RECORDED DATA:
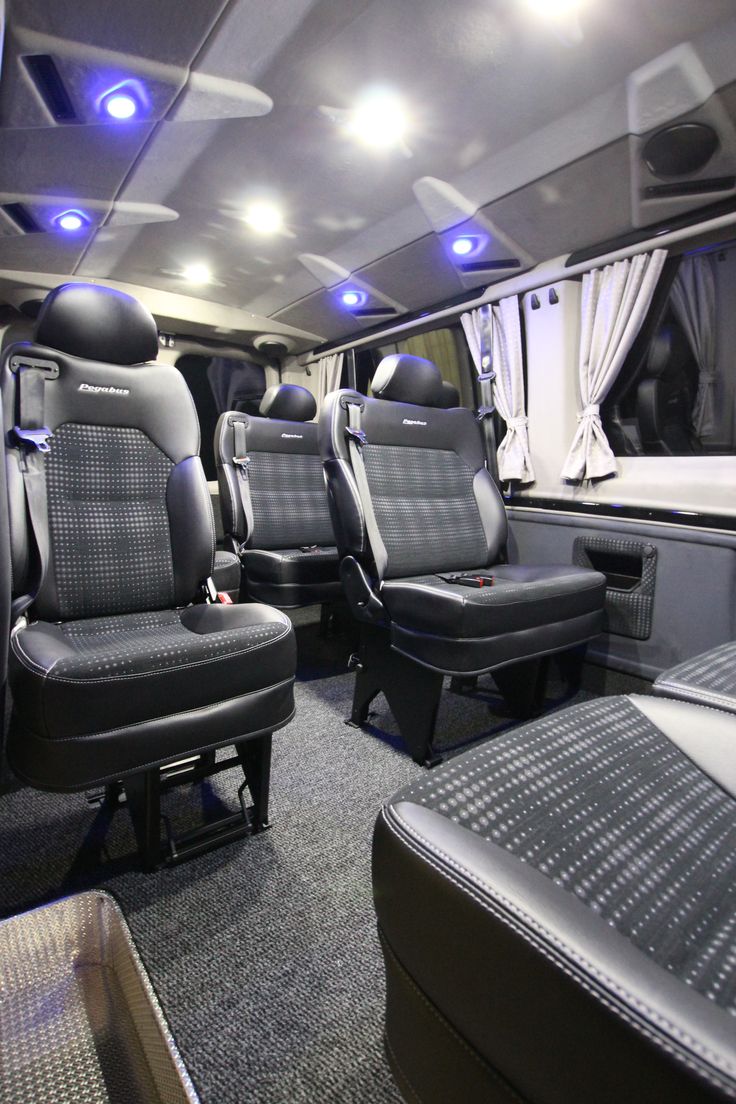 the interior of an rv with black leather seats and blue lights on the ceiling is shown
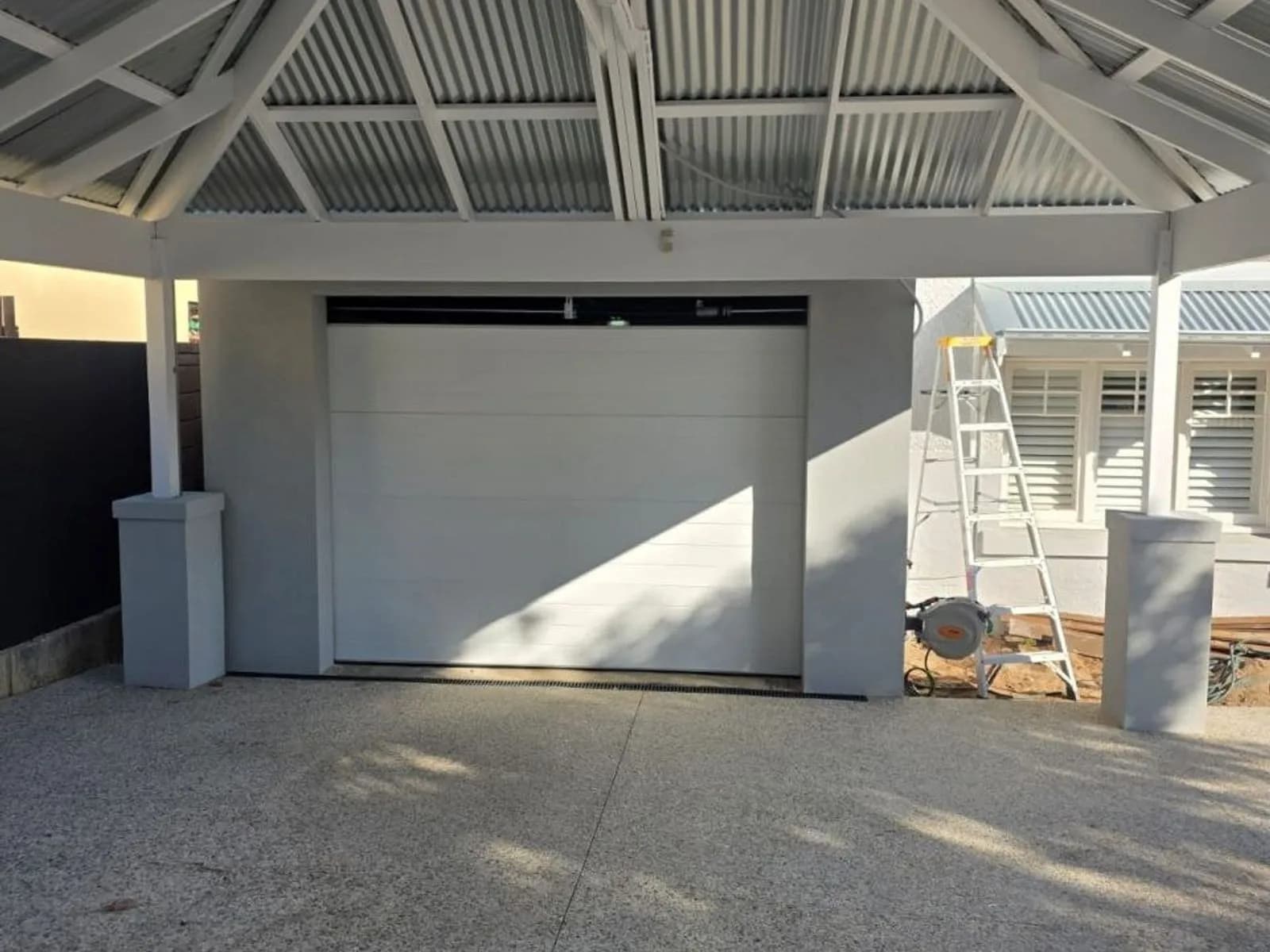 White sectional garage door under a white exposed-truss gable roof in Applecross, with an aggregate driveway in front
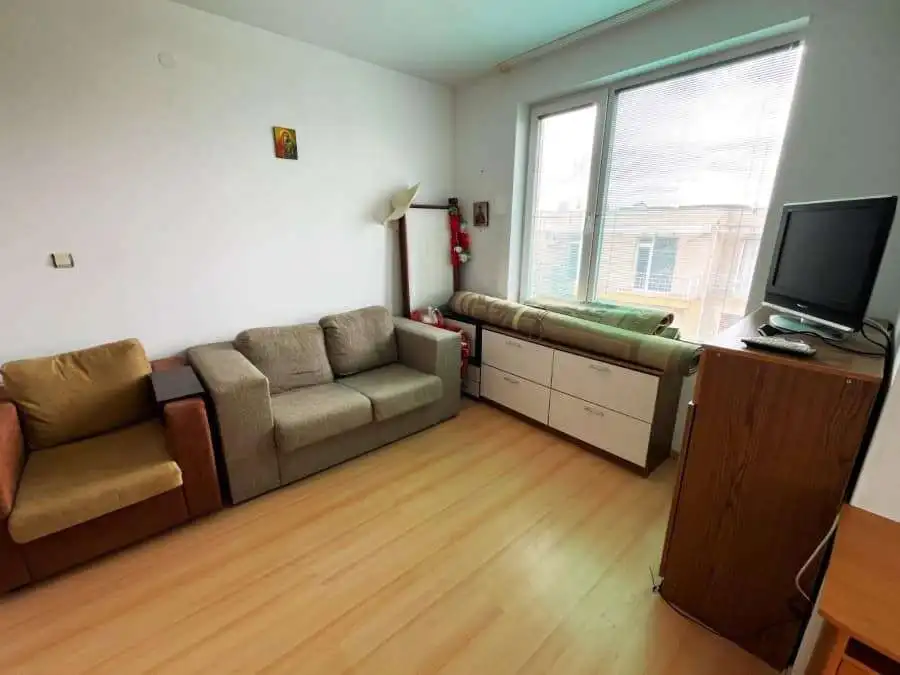 Cozy Furnished Apartment in Sunny Day 5 Bright living room with sofas, large window, and TV in Sunny Day 5 apartment.
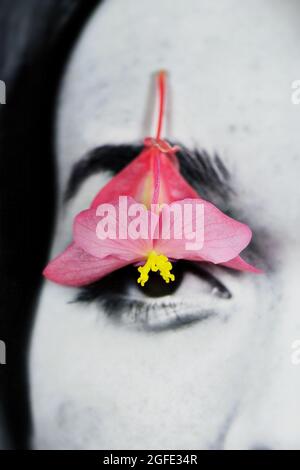 Das Gesicht einer Frau mit Blume über dem Augapfel. Stockfoto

WORK TO COMPLETE: The response should reproduce all the material above exactly and leave out its pictures.

OUTPUT OF THE EXERCISE:
 the interior of an rv with black leather seats and blue lights on the ceiling is shown
 White sectional garage door under a white exposed-truss gable roof in Applecross, with an aggregate driveway in front
 Cozy Furnished Apartment in Sunny Day 5 Bright living room with sofas, large window, and TV in Sunny Day 5 apartment.
 Das Gesicht einer Frau mit Blume über dem Augapfel. Stockfoto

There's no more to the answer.